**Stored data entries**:
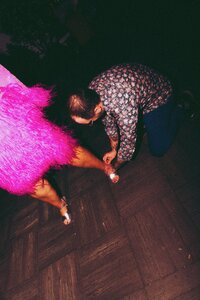 ks dance floor-303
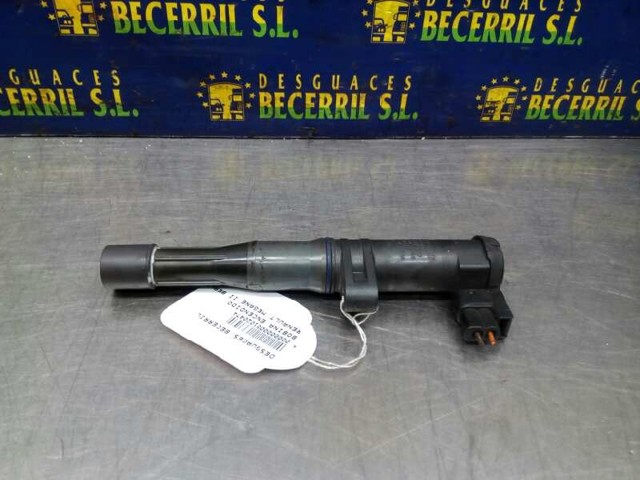 7700107177 Renault (RVI)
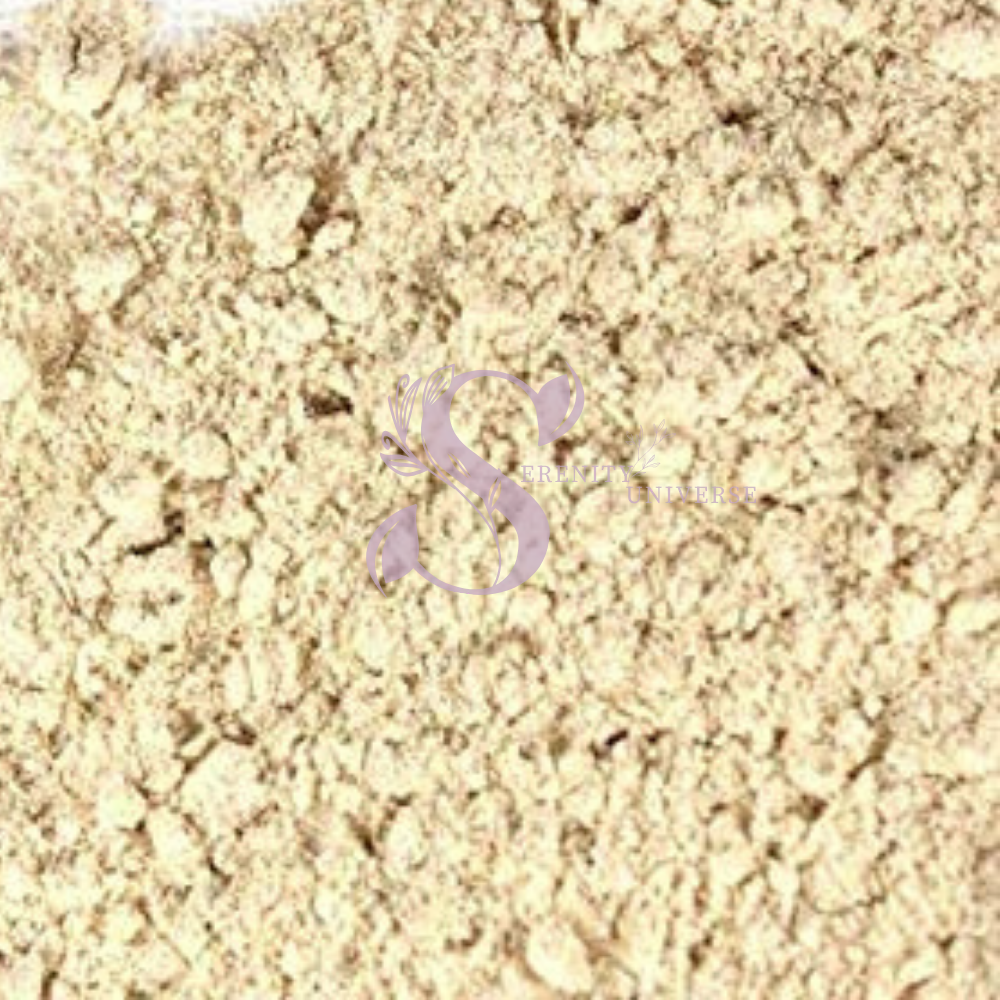 Marshmallow Root Powder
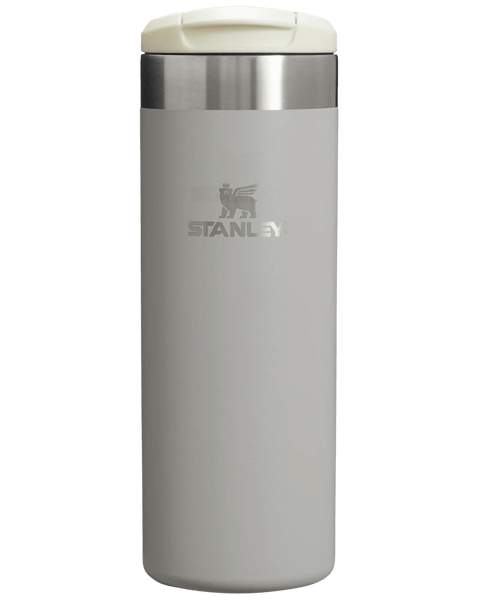 Stanley The Aerolight Transit Mug Ash 0.47L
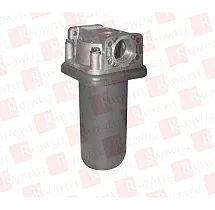 Гидравлический набор Артикул KF31K10PD5 от производителя SCHROEDER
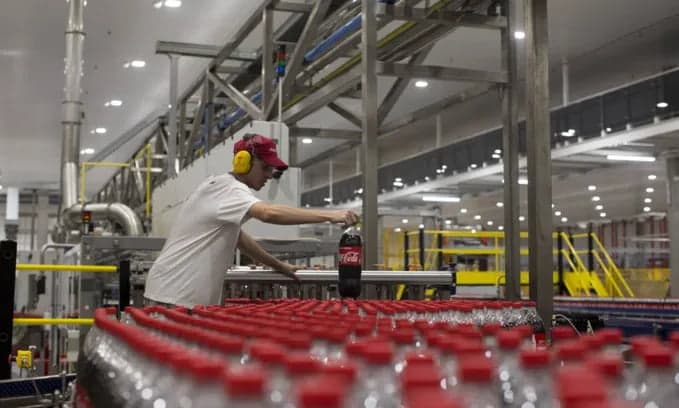 Polo Industrial de Manaus: copo meio cheio ou meio vazio?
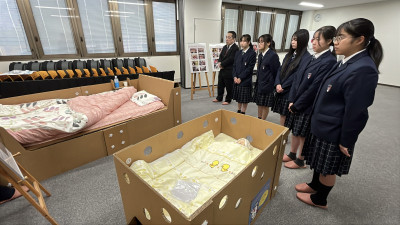 20260330_041602314_iOS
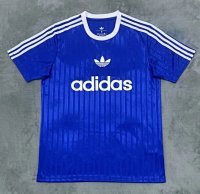 Football Jersey 40+ colorways [Premium Quality] — seller photo 4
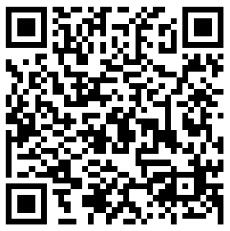 QQ截圖20171226082613.jpg 慧讀學(xué)生APP二維碼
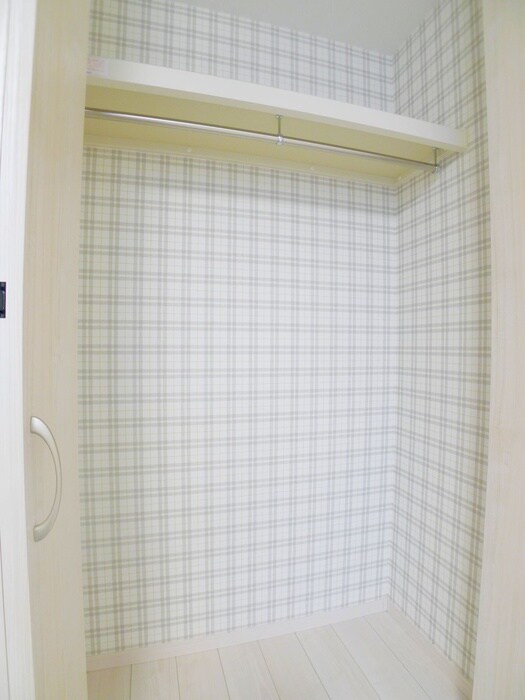 センチュリーオークAの物件内観写真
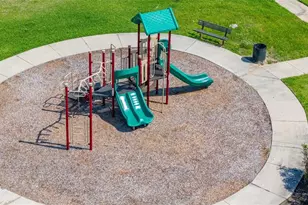 1325 Cypress Ridge Loop, Lake Alfred, FL 33850 - Photo 56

**What the exercise asks**: Only the lines from the one containing "7700107177 Renault (RVI)" through the last line of the data belong in the copy, both included and reproduced exactly. Pictures do not.

**Answer to this exercise**:
 7700107177 Renault (RVI)
 Marshmallow Root Powder
 Stanley The Aerolight Transit Mug Ash 0.47L
 Гидравлический набор Артикул KF31K10PD5 от производителя SCHROEDER
 Polo Industrial de Manaus: copo meio cheio ou meio vazio?
 20260330_041602314_iOS
 Football Jersey 40+ colorways [Premium Quality] — seller photo 4
 QQ截圖20171226082613.jpg 慧讀學(xué)生APP二維碼
 センチュリーオークAの物件内観写真
 1325 Cypress Ridge Loop, Lake Alfred, FL 33850 - Photo 56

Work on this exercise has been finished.